ACTIVITY
Shown below is a listing with pictures; reproduce exactly, and only, the lines between the ones containing "TooQ Soporte de" and "S-TOP Case For", inclusive, leaving the pictures out.

DATA TO EXAMINE

::::::::::

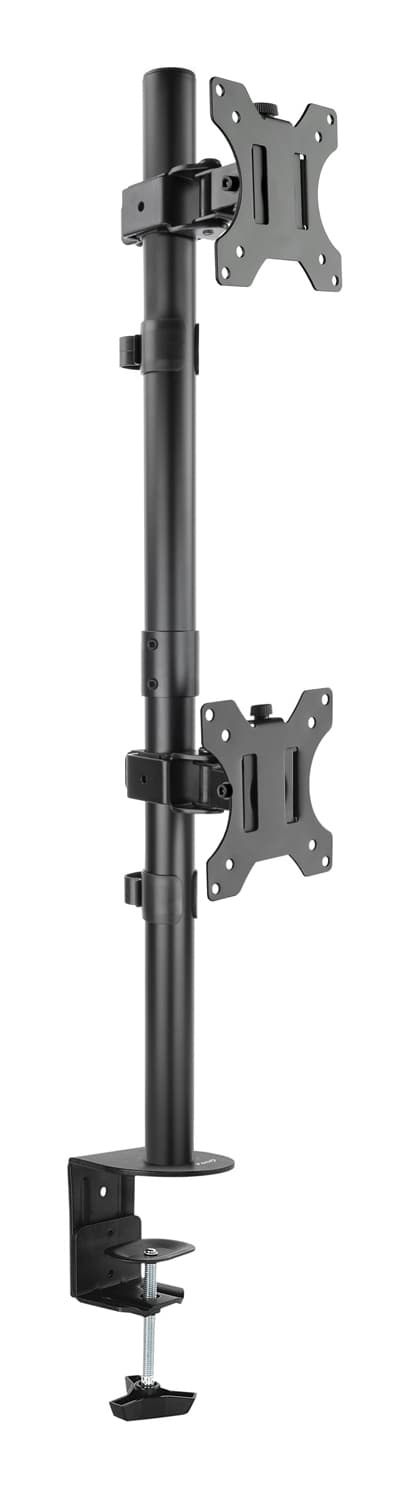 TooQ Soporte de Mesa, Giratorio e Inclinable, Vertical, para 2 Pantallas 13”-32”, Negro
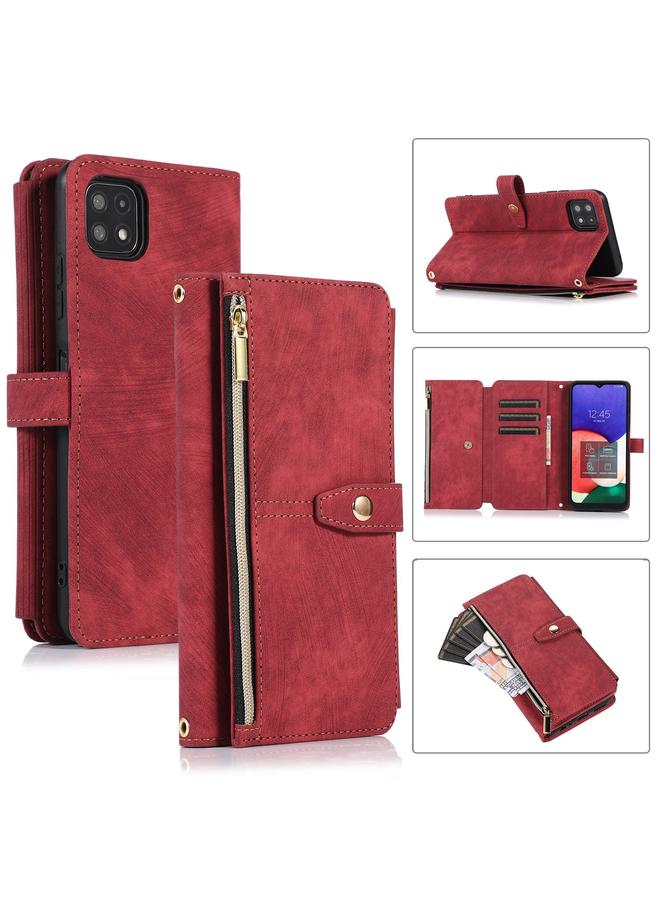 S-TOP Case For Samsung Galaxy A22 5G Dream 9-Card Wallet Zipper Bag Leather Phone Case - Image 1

::::::::::

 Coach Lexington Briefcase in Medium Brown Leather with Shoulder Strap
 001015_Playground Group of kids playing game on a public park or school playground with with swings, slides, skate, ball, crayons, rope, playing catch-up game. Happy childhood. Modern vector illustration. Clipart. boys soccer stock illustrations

::::::::::

SOLUTION TO THIS EXERCISE
 TooQ Soporte de Mesa, Giratorio e Inclinable, Vertical, para 2 Pantallas 13”-32”, Negro
 S-TOP Case For Samsung Galaxy A22 5G Dream 9-Card Wallet Zipper Bag Leather Phone Case - Image 1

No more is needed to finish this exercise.